*** Opening DATA UNDER STUDY ***

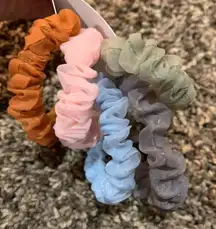 Bundle of 5 scrunchies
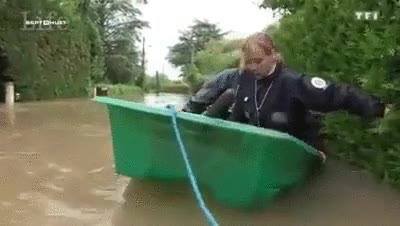 polic&iacute;a,francesa,intentando,ayudar,vecinos
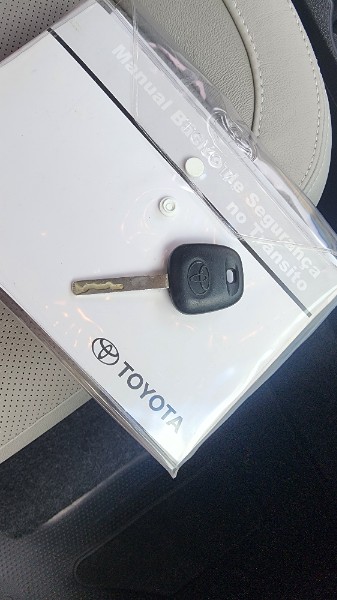 TOYOTA COROLLA 2.0 XEI 2015/2016 FERNANDO AUTOMÓVEIS | REVENDA DE CARROS ARROIO DO MEIO ARROIO DO MEIO / Carros no Vale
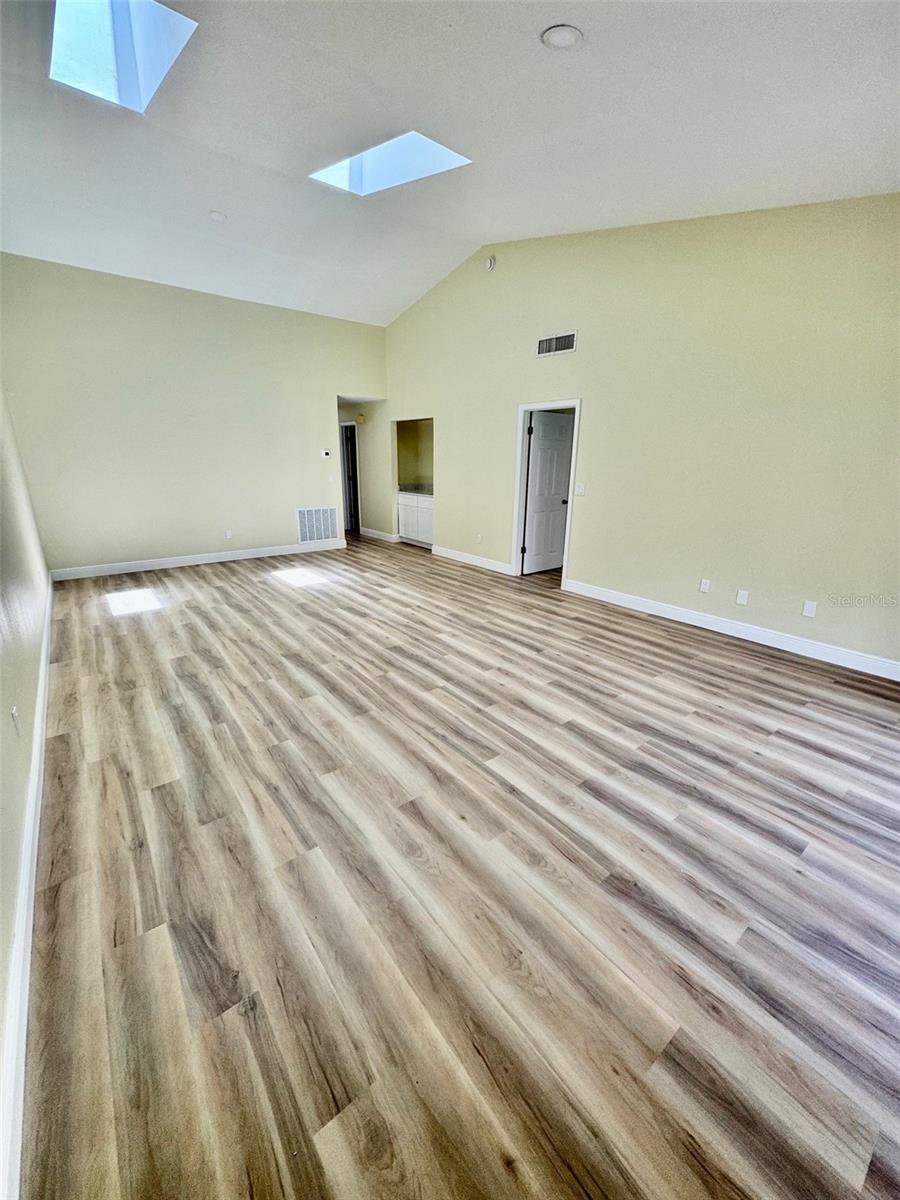 CEDARWOOD VILLAGE 1 - Residential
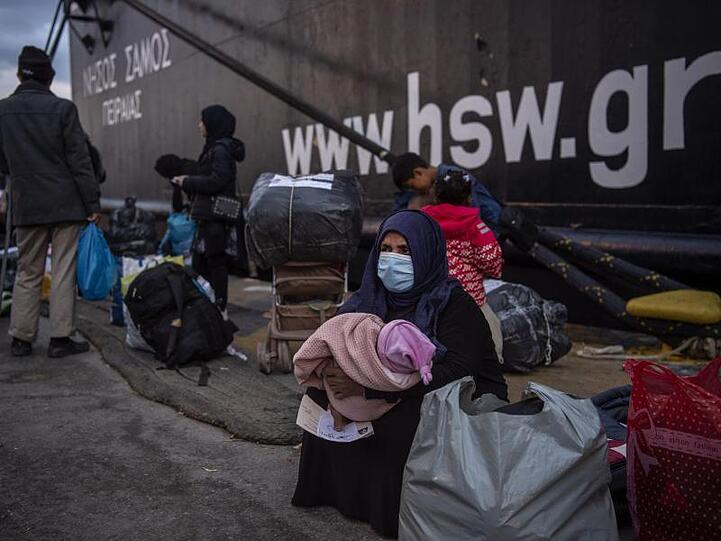 Migranten aus dem Lager Moria im Hafen von Piräus bei Athen.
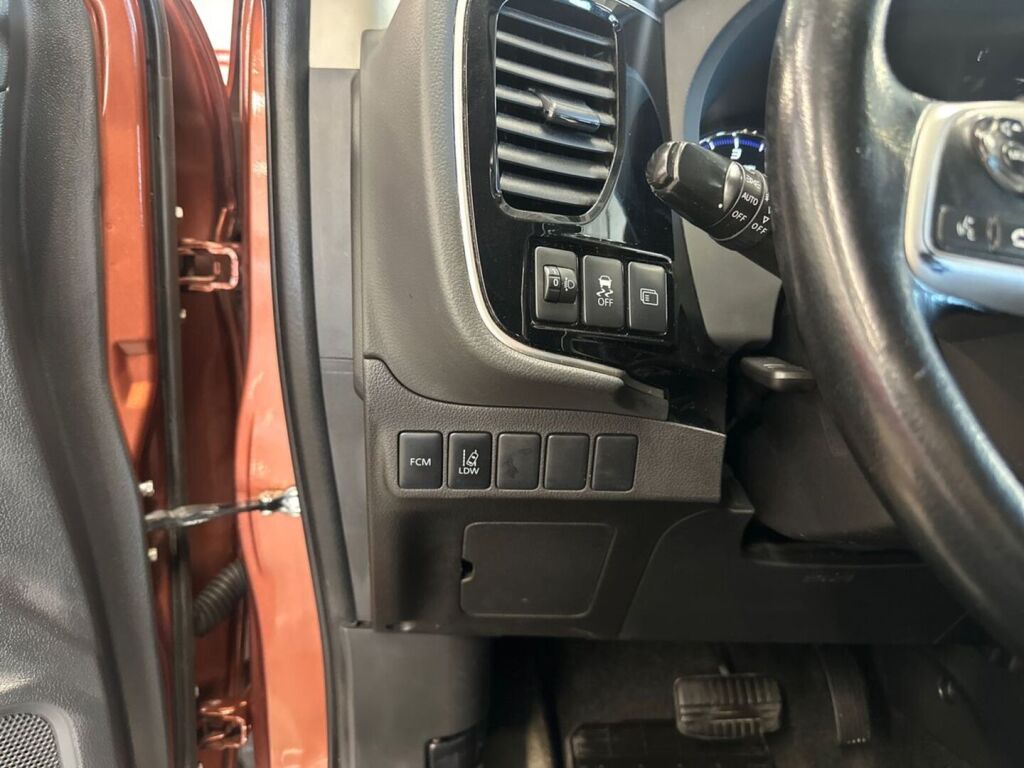 Mitsubishi Outlander 2013 Ruskea (beige)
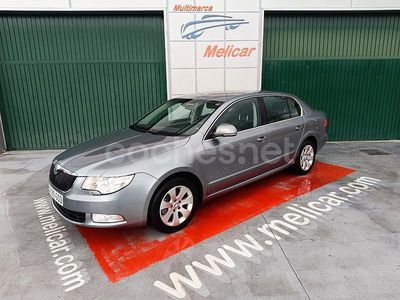 Gris / plata Usado 2009 Skoda Superb Elegance Berlina | 10.990 €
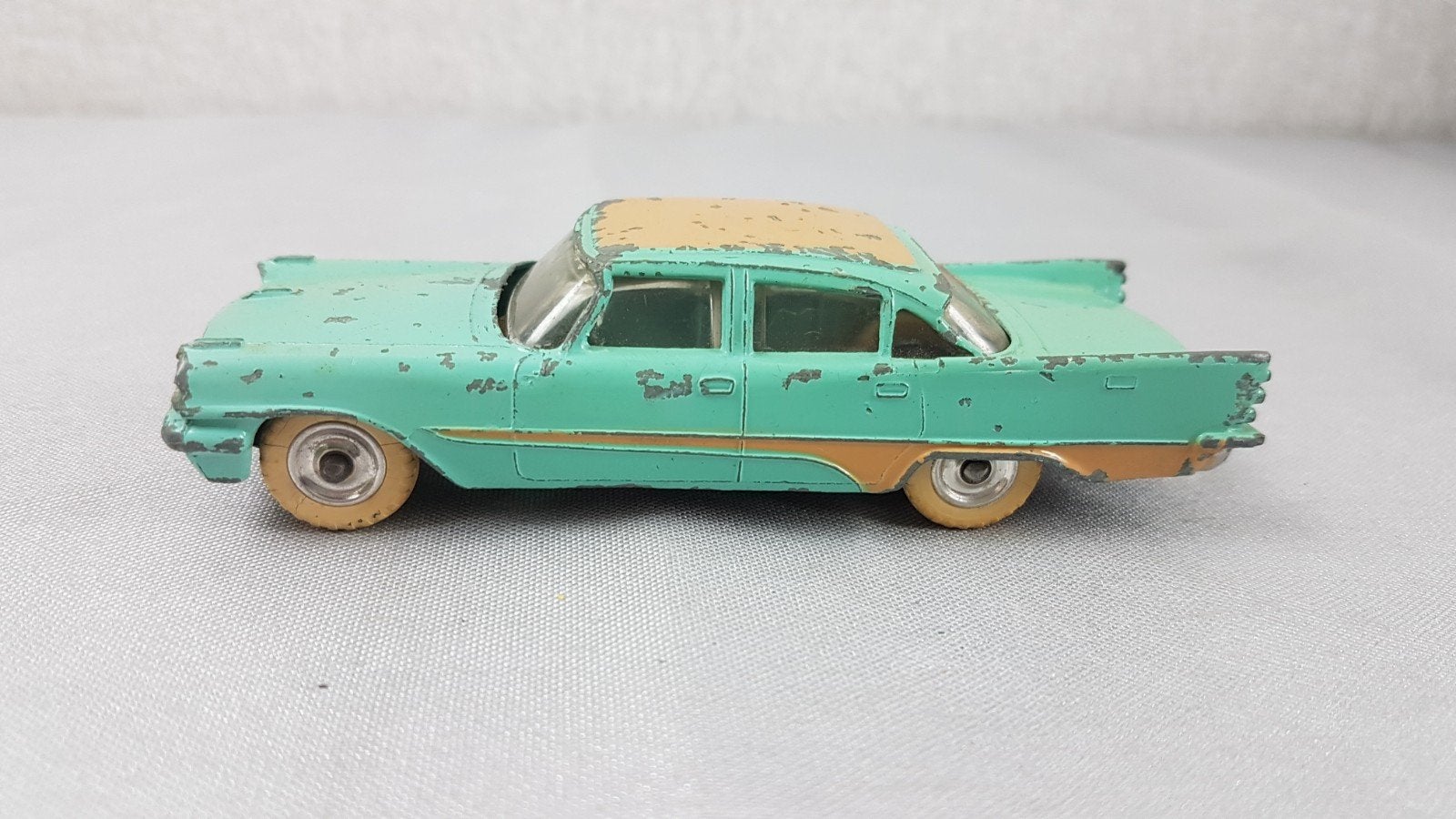 Vintage Dinky Toys De Soto Fireflite Speelgoedauto, Ophalen of Verzenden, Gebruikt, Auto, Dinky Toys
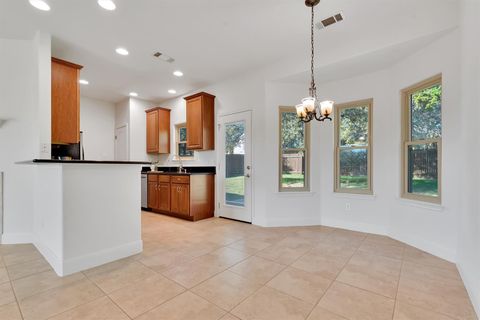 Tiny photo for 10808 Timber CIR, Dripping Springs, TX 78620 (MLS # 1547757)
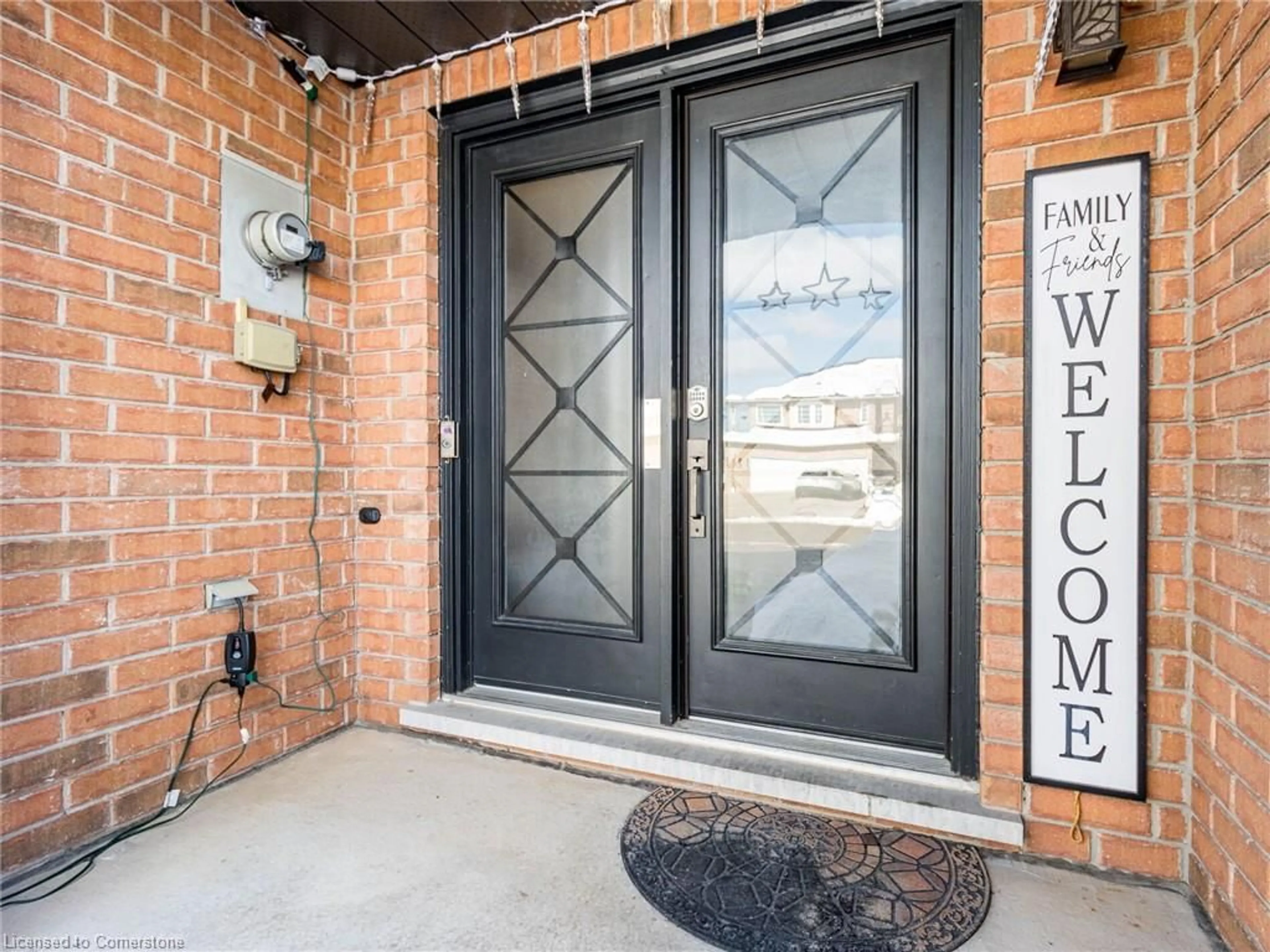 Indoor entryway for 54 Hillcroft Dr, Stoney Creek Ontario L8J 3W9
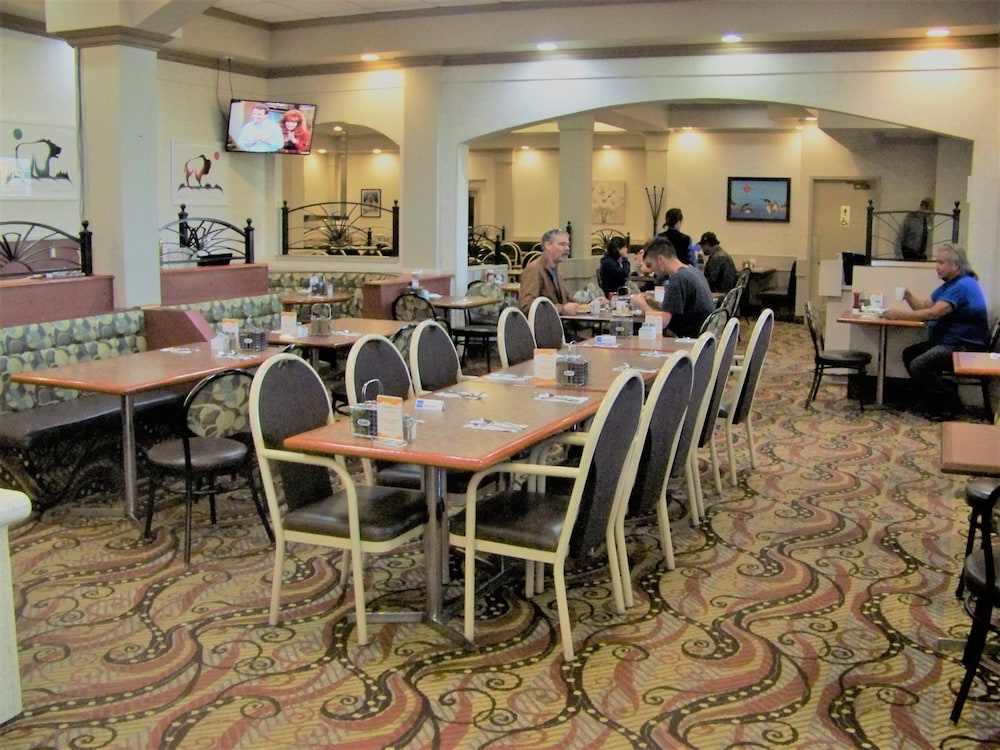 Continental Inn And Suites 36/50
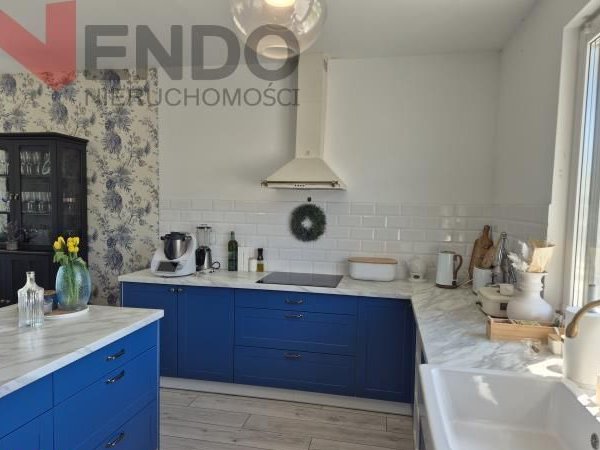 Parterowy dom, wnętrze w nadmorskim stylu Hampton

*** Closing DATA UNDER STUDY ***

▸ **THE TASK**: Please copy every entry exactly, without the pictures.

▸ **FINISHED EXERCISE**:
 Bundle of 5 scrunchies
 polic&iacute;a,francesa,intentando,ayudar,vecinos
 TOYOTA COROLLA 2.0 XEI 2015/2016 FERNANDO AUTOMÓVEIS | REVENDA DE CARROS ARROIO DO MEIO ARROIO DO MEIO / Carros no Vale
 CEDARWOOD VILLAGE 1 - Residential
 Migranten aus dem Lager Moria im Hafen von Piräus bei Athen.
 Mitsubishi Outlander 2013 Ruskea (beige)
 Gris / plata Usado 2009 Skoda Superb Elegance Berlina | 10.990 €
 Vintage Dinky Toys De Soto Fireflite Speelgoedauto, Ophalen of Verzenden, Gebruikt, Auto, Dinky Toys
 Tiny photo for 10808 Timber CIR, Dripping Springs, TX 78620 (MLS # 1547757)
 Indoor entryway for 54 Hillcroft Dr, Stoney Creek Ontario L8J 3W9
 Continental Inn And Suites 36/50
 Parterowy dom, wnętrze w nadmorskim stylu Hampton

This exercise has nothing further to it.